Pensatrici come Françoise Héritier e Judith Stacey hanno mostrato come il patriarcato, il binarismo di genere e la centralità della coppia monogamica siano costruzioni sociali profondamente politiche. La famiglia diventa così anche uno strumento di controllo: su corpi, desideri, eredità, educazione.

Ma quindi, cos’è “una famiglia”?

Non esiste una risposta unica. Antropologhe e antropologi hanno catalogato centinaia di forme familiari: poliandria in Tibet (una donna sposata con più fratelli), poliginia in Africa centrale (un uomo con più mogli, ognuna con un proprio spazio e ruolo), famiglie sororali in Sud America, dove sorelle crescono insieme le rispettive figlie e figli.

In alcune tribù dei Mosuo, in Cina, non esiste il matrimonio: le donne ricevono i partner notturni in casa, ma le figlie e i figli restano nella casa materna e vengono cresciute e cresciuti dalla famiglia della madre. Il padre biologico può essere presente o meno, senza che questo comprometta il senso di stabilità e amore.

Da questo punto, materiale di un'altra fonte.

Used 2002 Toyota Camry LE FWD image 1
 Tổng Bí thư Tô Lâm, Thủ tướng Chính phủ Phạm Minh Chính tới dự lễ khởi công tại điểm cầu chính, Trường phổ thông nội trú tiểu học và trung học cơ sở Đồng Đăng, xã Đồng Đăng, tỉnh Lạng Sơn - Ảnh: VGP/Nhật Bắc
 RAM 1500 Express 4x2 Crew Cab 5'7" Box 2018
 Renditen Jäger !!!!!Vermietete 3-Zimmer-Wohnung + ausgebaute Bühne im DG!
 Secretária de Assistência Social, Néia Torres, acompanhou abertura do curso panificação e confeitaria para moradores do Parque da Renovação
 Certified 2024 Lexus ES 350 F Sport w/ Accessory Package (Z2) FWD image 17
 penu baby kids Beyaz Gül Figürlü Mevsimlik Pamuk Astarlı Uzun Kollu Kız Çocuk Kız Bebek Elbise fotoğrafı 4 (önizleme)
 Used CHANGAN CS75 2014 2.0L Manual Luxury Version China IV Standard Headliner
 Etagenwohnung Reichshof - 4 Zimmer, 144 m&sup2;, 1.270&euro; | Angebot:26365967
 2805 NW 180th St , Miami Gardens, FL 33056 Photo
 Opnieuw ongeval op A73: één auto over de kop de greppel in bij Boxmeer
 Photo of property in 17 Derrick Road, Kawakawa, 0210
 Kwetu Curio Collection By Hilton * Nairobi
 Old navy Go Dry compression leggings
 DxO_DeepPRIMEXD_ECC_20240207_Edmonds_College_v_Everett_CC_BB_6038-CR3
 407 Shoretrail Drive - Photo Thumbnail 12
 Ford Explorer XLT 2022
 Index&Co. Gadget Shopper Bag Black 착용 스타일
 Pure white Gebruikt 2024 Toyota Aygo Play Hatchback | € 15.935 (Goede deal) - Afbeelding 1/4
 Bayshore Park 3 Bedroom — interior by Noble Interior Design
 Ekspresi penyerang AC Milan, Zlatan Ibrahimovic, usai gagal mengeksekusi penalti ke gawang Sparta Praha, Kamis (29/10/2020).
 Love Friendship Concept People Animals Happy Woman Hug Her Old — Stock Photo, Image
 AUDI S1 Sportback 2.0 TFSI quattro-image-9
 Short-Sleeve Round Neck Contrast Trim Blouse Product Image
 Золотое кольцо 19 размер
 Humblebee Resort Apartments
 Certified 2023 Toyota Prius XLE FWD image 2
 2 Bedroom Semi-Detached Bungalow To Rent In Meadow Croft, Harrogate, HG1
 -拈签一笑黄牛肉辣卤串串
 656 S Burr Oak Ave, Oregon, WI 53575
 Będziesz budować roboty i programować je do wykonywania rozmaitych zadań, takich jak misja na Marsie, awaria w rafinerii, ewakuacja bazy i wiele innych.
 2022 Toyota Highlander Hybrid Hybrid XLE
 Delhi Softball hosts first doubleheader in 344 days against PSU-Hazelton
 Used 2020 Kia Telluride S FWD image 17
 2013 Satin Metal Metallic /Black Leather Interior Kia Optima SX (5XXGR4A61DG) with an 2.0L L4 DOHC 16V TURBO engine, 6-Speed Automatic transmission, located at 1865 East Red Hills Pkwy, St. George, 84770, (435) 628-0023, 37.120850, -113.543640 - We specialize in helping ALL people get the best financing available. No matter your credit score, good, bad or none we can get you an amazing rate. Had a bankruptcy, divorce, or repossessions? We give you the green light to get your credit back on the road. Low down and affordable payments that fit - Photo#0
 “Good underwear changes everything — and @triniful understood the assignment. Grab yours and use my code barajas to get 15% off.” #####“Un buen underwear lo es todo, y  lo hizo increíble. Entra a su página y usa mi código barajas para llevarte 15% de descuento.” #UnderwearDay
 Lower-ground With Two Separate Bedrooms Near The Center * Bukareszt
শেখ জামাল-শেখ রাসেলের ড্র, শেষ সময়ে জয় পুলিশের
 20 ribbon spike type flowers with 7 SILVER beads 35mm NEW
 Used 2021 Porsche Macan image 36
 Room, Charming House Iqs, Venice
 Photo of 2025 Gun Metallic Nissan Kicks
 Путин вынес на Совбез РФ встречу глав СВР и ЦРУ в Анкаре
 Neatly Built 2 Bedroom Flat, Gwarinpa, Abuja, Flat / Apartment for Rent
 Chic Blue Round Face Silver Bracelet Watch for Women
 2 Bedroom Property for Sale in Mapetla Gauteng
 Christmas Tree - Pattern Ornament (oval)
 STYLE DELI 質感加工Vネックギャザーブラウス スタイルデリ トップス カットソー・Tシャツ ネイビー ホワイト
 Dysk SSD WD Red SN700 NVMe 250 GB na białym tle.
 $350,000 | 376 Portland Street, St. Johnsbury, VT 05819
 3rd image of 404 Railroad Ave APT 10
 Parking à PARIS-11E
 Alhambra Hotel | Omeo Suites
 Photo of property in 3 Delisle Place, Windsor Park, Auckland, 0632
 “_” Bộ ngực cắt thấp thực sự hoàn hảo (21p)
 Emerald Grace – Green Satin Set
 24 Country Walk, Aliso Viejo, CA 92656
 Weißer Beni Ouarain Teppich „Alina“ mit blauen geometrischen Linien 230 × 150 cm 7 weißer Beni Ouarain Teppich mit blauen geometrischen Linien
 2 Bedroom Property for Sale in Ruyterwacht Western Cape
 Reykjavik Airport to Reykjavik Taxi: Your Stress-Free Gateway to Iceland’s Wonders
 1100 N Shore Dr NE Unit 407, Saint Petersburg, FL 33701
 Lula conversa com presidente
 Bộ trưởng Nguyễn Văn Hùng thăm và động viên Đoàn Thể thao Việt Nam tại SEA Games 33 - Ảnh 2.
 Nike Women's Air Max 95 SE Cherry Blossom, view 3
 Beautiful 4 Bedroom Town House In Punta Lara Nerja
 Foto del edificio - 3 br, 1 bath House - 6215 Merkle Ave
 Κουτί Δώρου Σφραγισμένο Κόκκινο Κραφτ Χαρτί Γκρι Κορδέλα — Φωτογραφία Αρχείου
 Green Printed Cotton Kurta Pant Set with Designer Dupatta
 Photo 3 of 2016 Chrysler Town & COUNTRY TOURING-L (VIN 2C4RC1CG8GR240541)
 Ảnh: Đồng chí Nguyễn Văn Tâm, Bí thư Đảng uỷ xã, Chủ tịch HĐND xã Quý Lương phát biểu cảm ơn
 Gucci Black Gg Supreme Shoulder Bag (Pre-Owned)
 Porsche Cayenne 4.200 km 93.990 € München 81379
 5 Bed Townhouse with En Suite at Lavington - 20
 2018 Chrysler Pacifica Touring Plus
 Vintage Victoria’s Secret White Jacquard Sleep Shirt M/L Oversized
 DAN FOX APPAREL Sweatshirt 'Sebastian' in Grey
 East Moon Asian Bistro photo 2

Tutto questo ci interroga: siamo sicure e sicuri di sapere cosa sia davvero “una famiglia”?

Perché questo sguardo ci riguarda, oggi

Se lavoriamo con l’infanzia, con l’adolescenza, se cresciamo figlie e figli o li accompagniamo nel loro sviluppo, dobbiamo liberarci da definizioni rigide. Famiglia è dove c’è cura. Dove c’è riconoscimento. Dove esistono legami significativi, non necessariamente biologici. Dove si cresce insieme.

Capire che la famiglia è una costruzione culturale, e non un destino biologico, ci permette di essere più flessibili. Più accoglienti, più preparate e preparati a leggere i bisogni profondi di chi abbiamo accanto. Anche nelle scuole, nei consultori, nei tribunali, è fondamentale che chi lavora a contatto con le nuove generazioni sia dotata e dotato di questo sguardo plurale e non giudicante.

Naturale è solo ciò che ci hanno insegnato a non mettere in discussione.

Il nostro compito oggi, come adulte e adulti responsabili, è decostruire ciò che ci hanno raccontato come “naturale”. Famiglie con due madri, due padri, un solo genitore, genitrici e genitori non biologici, multietniche, ricomposte, queer, scelte, transgenerazionali: sono tutte forme legittime, reali, potenti.

L’antropologia ci insegna che non c’è un’unica forma giusta. E che l’unico errore possibile è chiudere gli occhi davanti a questa meravigliosa complessità.